Frankfurter Allgemeine Zeitung - Rezension
Frankfurter Allgemeine Zeitung | Besprechung von 25.06.2005

Form folgt der Destruktion: Laurenz Berges fotografiert rheinische Geisterhäuser

Zu diesen Räumen braucht man keinen Schlüssel mehr. Dabei geben sie alles preis, sind nackt bis auf die Knochen und hätten so am meisten vor dem Betrachter zu verbergen. Solche Wände kennen die meisten nur von Umzügen: aus jenen kurzen, rasch übertünchten Momenten, wenn eine Wohnung schon verlassen, aber noch nicht reif für die Übergabe ist. Doch die Bilder des 1966 geborenen Düsseldorfer Fotokünstlers Laurenz Berges fixieren keinen Übergangszustand von einem Bewohner zum nächsten: Der Nachmieter seiner Zimmer ist der Tod.

Bekannt wurde der Becher-Schüler durch seine Aufnahmen der aufgegebenen Kasernen der Roten Armee in Ostdeutschland, die als Sinnbild einer Zeitenwende dienen konnten. Seine neuen Fotografien zeigen großformatige, schmutzig-farbige Innenansichten von Häusern und Wohnungen, die im rheinischen Braunkohlegebiet dem Abraum geopfert werden. "Garzweiler" wurde zum politischen Synomym für eine Standortpolitik über die Köpfe der Ortsansässigen hinweg und trieb beinahe die rot-grüne Koalition Nordrhein-Westfalens zum Bruch. "Etzweiler" nennt Berges seine Serie, die überwiegend im gleichnamigen Ort aufgenommen wurde, der wie zahlreiche andere in der Gegend um Grevenbroich, Erkelenz und Jülich inzwischen zu einem Geisterdorf geworden ist. Berges fotografiert die verlassenen, leer geräumten Wohnungen als Menetekel der Vergänglichkeit einer sich selbst zerstörenden menschlichen Zivilisation.

Doch nicht das Politische oder Historische interessiert Berges. Nur bei wenigen Außenaufnahmen dringt der Kontext in das Blickfeld. Sein Maßstab rückt die Motive ins Abstrakte, die Fotografie vollendet die Defunktionalisierung der Wohnungen, die die Räumung ins Werk setzt. Wände, Böden, Leisten und Decken bilden horizontal gegliederte Farbflächen, die wie dreckig-schmierige Antworten auf die Werke von Mark Rothko erscheinen könnten.

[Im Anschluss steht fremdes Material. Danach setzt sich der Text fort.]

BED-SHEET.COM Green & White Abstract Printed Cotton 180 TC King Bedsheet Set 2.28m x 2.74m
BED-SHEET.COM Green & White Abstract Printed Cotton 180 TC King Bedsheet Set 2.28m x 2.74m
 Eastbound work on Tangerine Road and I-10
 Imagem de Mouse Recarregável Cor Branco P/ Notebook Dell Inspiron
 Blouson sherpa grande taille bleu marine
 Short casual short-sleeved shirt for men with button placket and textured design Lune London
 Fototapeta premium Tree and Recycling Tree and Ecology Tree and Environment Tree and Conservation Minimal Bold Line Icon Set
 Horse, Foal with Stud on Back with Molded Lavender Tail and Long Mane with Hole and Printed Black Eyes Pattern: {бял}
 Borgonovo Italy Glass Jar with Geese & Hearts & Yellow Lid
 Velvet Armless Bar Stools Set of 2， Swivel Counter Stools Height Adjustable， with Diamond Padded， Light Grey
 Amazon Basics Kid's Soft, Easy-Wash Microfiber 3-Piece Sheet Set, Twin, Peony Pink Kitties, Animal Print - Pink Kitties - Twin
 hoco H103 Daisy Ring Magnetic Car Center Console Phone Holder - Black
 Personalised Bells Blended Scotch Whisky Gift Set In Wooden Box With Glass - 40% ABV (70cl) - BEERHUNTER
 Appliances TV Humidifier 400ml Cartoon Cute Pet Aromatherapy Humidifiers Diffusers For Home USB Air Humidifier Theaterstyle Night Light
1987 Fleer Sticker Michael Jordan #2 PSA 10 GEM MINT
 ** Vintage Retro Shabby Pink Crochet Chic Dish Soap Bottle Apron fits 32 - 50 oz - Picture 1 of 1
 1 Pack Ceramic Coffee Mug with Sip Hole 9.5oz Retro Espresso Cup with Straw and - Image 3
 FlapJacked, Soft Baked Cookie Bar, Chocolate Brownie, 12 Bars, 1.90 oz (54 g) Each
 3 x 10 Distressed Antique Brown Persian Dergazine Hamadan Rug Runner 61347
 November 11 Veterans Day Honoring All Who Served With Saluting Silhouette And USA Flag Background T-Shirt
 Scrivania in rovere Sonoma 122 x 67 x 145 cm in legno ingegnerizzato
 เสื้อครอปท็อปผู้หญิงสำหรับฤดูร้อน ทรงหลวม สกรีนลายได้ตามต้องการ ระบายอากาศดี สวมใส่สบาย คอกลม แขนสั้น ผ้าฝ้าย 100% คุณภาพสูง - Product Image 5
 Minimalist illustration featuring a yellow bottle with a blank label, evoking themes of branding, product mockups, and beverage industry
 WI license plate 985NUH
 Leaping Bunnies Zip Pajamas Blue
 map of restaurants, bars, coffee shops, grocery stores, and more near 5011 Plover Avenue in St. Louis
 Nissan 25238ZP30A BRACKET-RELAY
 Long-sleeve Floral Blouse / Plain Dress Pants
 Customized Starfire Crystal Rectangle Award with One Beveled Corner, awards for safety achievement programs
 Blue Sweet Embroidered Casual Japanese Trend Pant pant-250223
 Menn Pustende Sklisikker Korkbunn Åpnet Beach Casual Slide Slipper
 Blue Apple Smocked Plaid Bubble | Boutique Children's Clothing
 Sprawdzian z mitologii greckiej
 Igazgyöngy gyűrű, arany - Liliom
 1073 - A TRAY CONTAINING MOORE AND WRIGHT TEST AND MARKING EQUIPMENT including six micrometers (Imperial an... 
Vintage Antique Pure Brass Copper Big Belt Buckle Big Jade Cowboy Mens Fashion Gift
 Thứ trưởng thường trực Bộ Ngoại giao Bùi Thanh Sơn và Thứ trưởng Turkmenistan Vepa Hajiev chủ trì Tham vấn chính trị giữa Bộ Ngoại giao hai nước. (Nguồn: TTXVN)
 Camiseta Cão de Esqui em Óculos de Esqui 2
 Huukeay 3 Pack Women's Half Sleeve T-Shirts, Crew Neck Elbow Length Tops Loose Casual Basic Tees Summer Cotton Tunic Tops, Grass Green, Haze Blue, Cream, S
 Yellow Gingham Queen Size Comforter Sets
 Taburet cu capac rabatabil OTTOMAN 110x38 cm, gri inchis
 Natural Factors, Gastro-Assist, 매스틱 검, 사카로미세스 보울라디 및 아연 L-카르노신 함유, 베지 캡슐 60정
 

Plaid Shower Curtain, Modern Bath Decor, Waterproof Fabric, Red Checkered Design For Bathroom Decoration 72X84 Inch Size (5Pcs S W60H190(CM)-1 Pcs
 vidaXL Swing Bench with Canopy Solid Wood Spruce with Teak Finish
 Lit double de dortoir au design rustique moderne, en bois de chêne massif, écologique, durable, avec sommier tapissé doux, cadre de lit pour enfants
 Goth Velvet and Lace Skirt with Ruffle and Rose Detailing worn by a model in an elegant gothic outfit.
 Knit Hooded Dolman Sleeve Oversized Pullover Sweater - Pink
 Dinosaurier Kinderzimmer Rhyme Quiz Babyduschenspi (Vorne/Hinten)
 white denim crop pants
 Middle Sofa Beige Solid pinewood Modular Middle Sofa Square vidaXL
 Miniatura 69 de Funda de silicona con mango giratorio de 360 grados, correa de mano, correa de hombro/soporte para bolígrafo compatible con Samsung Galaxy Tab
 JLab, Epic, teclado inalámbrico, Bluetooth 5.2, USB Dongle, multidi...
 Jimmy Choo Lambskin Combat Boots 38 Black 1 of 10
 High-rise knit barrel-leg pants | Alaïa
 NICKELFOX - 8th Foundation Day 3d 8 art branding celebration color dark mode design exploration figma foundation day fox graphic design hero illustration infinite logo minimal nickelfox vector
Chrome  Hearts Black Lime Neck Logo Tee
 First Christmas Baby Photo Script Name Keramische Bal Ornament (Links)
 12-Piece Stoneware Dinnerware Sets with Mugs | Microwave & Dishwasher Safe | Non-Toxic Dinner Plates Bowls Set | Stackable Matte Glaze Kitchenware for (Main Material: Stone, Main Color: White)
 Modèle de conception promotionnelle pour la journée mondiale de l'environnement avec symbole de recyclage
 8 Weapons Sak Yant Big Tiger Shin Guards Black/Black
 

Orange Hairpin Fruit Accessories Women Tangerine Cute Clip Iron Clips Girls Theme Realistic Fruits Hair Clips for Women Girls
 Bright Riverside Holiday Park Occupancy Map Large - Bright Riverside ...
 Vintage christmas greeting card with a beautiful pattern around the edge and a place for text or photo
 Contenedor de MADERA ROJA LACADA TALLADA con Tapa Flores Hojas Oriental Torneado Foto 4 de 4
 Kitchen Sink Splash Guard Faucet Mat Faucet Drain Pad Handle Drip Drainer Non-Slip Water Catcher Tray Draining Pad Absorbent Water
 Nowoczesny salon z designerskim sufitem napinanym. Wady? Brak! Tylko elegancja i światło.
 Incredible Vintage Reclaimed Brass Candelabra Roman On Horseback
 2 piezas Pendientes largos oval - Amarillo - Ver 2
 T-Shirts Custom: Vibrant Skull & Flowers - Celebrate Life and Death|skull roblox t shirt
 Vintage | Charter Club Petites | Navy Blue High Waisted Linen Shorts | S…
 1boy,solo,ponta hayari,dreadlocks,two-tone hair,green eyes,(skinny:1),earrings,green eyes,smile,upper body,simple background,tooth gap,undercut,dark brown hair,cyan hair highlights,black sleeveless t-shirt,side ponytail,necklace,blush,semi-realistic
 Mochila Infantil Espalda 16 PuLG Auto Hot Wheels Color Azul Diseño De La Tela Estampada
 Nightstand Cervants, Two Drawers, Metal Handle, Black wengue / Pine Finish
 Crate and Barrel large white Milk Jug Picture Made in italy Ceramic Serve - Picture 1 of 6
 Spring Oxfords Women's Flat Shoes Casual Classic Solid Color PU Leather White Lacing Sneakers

Doch ist die Entstofflichung nicht vollständig; meist ragen Gegenstandsrelikte ins Bild: eine Glühbirne, ein Maßband, ein Glas, verstreute Zigaretten, ein Aschenbecher. Vor allem sind es immer wieder die Steckdosen und unverkleideten Kabel, die dem Blick Halt in der Wirklichkeit bieten (wie auf unserer Abbildung "Etzweiler, 2000") - ein fast ironischer Verweis auf den eigentlichen Anlaß der Räumung, die Stromgewinnung im Braunkohlekraftwerk.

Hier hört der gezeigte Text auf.